En même temps, ouvrant la porte de la salle d’honneur:
– Sire, dit-il, je ferai de mon mieux. Que Votre Majesté daigne entrer.
Nous disons qu’en prononçant ces mots, plus mort que vif, il ouvrait la porte, – et au moment où le roi entrait, suivi d’Essé et Sansac, Amauri de Loraydan demeura interdit, frappé de stupeur:
La salle d’honneur était brillamment éclairée!…
Par qui? Pourquoi? Comment! D’où venaient ces vingt ou trente flambeaux de belle cire blanche qu’il voyait aux candélabres d’argent? Loraydan, vaguement, se posa ces questions, se demandant s’il n’était pas le jouet d’un rêve.
Presque aussitôt, un soupir d’angoisse gonfla sa poitrine… le roi, rapidement, s’était avancé vers le milieu de la table, et, joyeusement, s’écriait:
– Ah! Loraydan, Loraydan, que diable nous disais-tu? Sur ma foi, voilà une table qui est faite pour tenter même un ermite. Tu veux nous induire en péché de gourmandise.
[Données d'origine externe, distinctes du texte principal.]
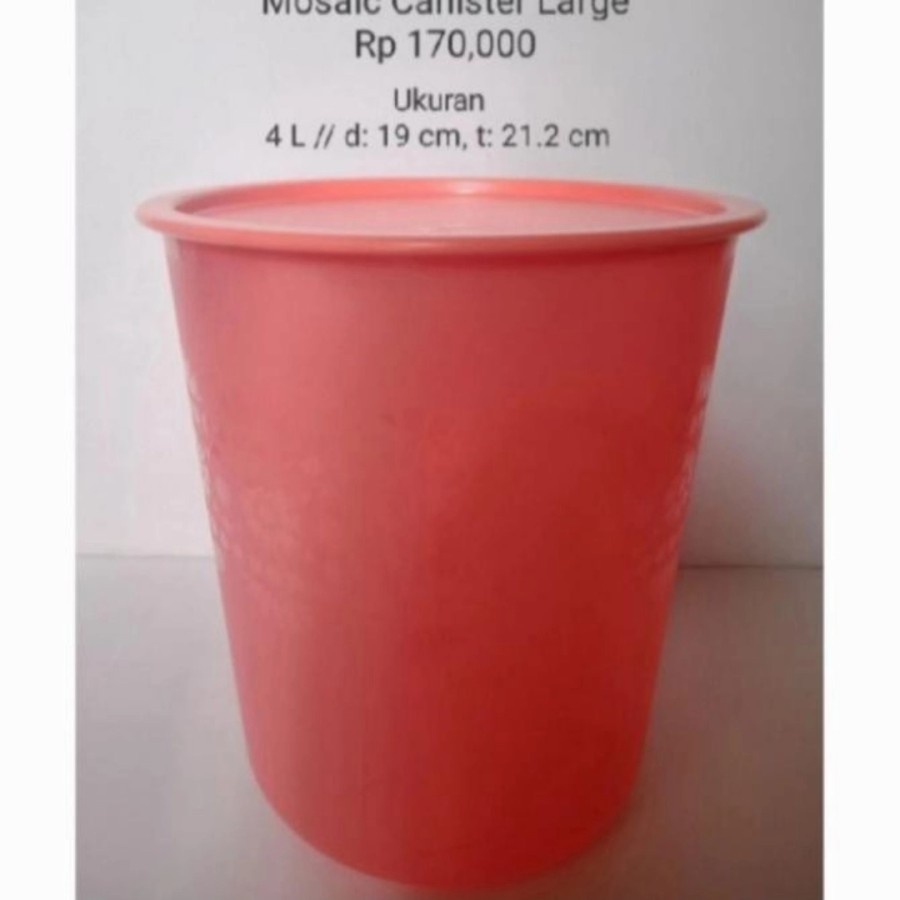 TUPPERWARE LARGE MOSAIC CANISTER 4L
Loraydan jeta un regard timide et effaré sur la table que désignait le roi, et l’étonnement le fit frissonner… le rêve continuait… plus surprenant, plus magnifique, le rêve se développait…
La table recouverte d’un drap éblouissant tout festonné, tout bordé de dentelle – une de ces nappes comme on n’en voyait que chez les plus fastueux d’entre les princes – la table autour de laquelle douze sièges étaient placés devant douze couverts en or massif et d’un travail précieux, la table, donc, était surchargée de pâtisseries délicates disposées en de vastes coupes de fine porcelaine, de confitures qui, de leurs compotiers de cristal, laissaient monter de subtils arômes, de flacons aux formes gracieuses ou étranges qui semblaient contenir des vins opulents. Il y avait douze gobelets – onze en argent, et un en or plus grand que les autres. Et des douze sièges, l’un était un splendide fauteuil élevé sur une estrade.
François Ier prit tout aussitôt place en ce fauteuil; il ne pouvait s’y tromper.
Puis, d’un signe, il invita Essé, Sansac et Loraydan à s’asseoir.
Essé et Sansac obéirent. Mais Loraydan:
– Sire, Votre Majesté me permettra de demeurer debout. Mon devoir est de la servir.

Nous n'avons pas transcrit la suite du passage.